Q&A

„Ich lebte wie eine Nonne“: Florence Welch im Interview

Die Sängerin von Florence + The Machine über ihren Sturz von der Bühne, Geister auf dem Friedhof und ein Lob von Neil Young.

„Vielleicht tat es mir ja ganz gut, eine Weile unter die Räder zu kommen“, sagt Florence Welch angesichts von „How Big, How Blue, How Beautiful“, ihrem ersten Album nach vier Jahren. Die schwierige Trennung von ihrem Freund hatte sie auf sehr eigene Art verarbeitet – sie entschloss sich, die Zügel etwas schleifen zu lassen und möglichst viel Spaß zu haben. Doch schließlich zog die 28-Jährige einen energischen Schlussstrich, komprimierte diese Erfahrungen zu ihrem emotional intensivsten Album und schwor bei den Sessions sogar dem Alkohol ab. „Ich lebte wie eine Nonne“, sagt Florence. „Ich radelte zum Studio, radelte nach Hause, las, aß und ging zu Bett. Es war fast eine Art Rekonvaleszenz. Aber es war eine magische Zeit.“

Sie lieferten beim Coachella Festival zwar einen fantastischen Auftritt, brachen sich aber den Fuß. Was war da los?
Ich forderte die Zuschauer auf, sich auszuziehen. Wir tun das bei unseren Shows schon seit geraumer Zeit – und mein Gitarrist macht mich ständig an, dass ich selbst nicht mitmache. Also dachte ich mir: Shit, du musst das jetzt wohl oder übel auch tun. Ich fing also an, mir das Hemd auszuziehen, bis ich mir dachte: Ich muss da runter ins Publikum, wo sich alle ausziehen. Ich machte also einen Satz von der Bühne, landete hart auf dem Boden und dachte nur: Oh Shit! Ich schaffte es zwar noch, wieder auf die Bühne zu klettern, aber dort fand mich dann mein Security-Typ, wie ich – nur im BH – hinter dem Lautsprecher lag.
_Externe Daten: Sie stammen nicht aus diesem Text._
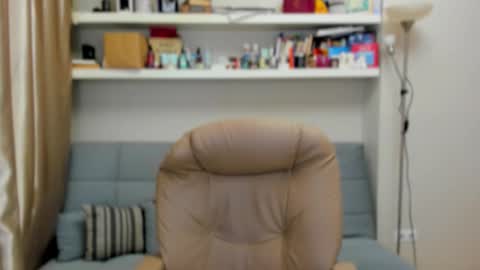 Snapshot of kara_smith_ chatting on November 2025 10:04:02 PM Kara. Off from 15th till 24th of December online show from November 2025 10:04:02 PM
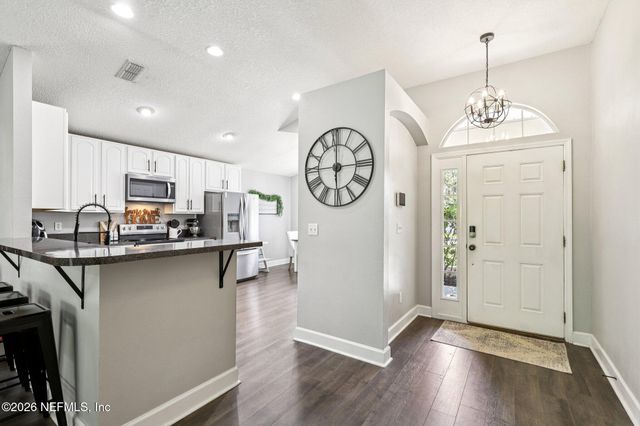 521 SHAMROCK Avenue S, Jacksonville, FL 32218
In vielen der neuen Songs geht es um eine Beziehung, in der sich zwei Menschen zunehmend voneinander entfremden.
Es war eine Erfahrung, die ich niemandem wünsche. Aber wenn man etwas Positives daraus machen kann, ist es den Preis wohl wert. Jeder Song ist wie ein Talisman – ein kleiner Zauberspruch, den man nur für sich selbst aufschreibt.

Sie sind ein Jahr lang komplett ausgestiegen, bevor Sie das neue Album gemacht haben. Womit haben Sie sich beschäftigt?
Es sollte eigentlich eine unbeschwerte Zeit sein, doch tatsächlich ging es in meinem Kopf drunter und drüber. Ich versuchte der Frage auf den Grund zu gehen, was mich wirklich glücklich macht: Das Leben als große Party oder doch eine Zweierbeziehung? Die Pause führte unweigerlich dazu, dass ich mich mit meinen eigenen Dämonen auseinandersetzen musste.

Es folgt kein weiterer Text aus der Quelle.